In Auto

Retirement opens a door for many to travel the world, spend more time with family and friends, or to simply take in ones surroundings and enjoy the simplicity of life. Because of the nature of car insurance, what most people don’t realize is that a change in lifestyle can alter the “life” of your car insurance.

A car insurance policy is specific to the owner. It is based off a number of different factors including age, household structure, demographics and actual amount of time spent in the car.  When these factors take on a permanent change then it might be time to revisit the original policy.

It is normal to think that after retirement you will spend a lot more time in your car traveling and doing all the things you haven’t had a chance to do due to being employed. But, is this really the case? On average, a commuter can put up to 12,000 miles per year on his or her car.  Without a commute, your car will likely see a drop of 7,000 to 8,000 miles per year, which could mean a serious deduction in your coverage.  If you are planning on putting a lot of miles on your car due to relocating after retirement, it would be wise to look into the average premium cost for the area you will be relocating too.
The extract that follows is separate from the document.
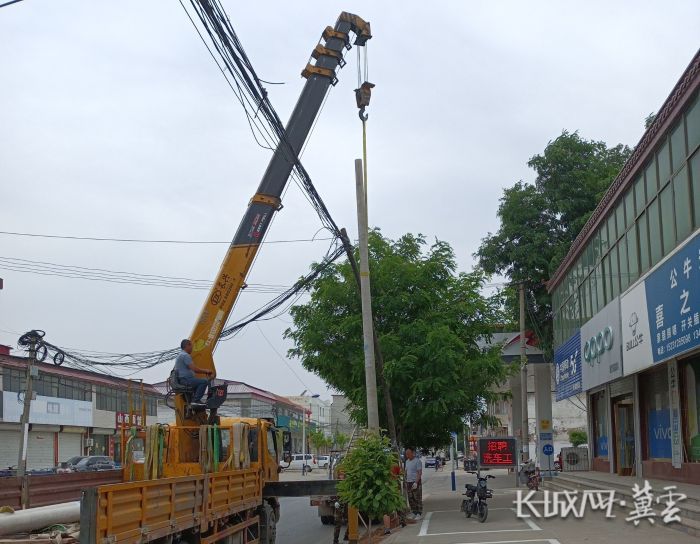 定州市庞村镇:整治空中线缆 扮靓美丽家园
A common goal for retirement is to have your household, including children, financially stable before you leave the work force. Once this has happened, your car insurance policy should be revisited for numerous reasons. For one, having a child move out of the house may result in a lower premium. If your children have not yet permanently moved out of the house, then they should be included on your policy. Lastly, a death or divorce of spouse should be a reason to go back and look at your current policy.

A key thing to consider is the actual value of your car. According to Mike Barry, vice president at the Insurance Information Institute, dropping collision coverage on an older car may be the fiscally smart action to take.

“For a 10-year old, or older, car, it doesn’t make sense to have collision coverage,” said Barry. “Wrecking a 10-year-old car might cause $4,000 in damage on a car that’s worth only $5,000 to $6,000.”

As a general rule of thumb, any changes to the “life” of your vehicle should cause you to revisit your policy and look for change. According to Barry, every driver should review his auto insurance policy once a year, regardless of age or major life changes.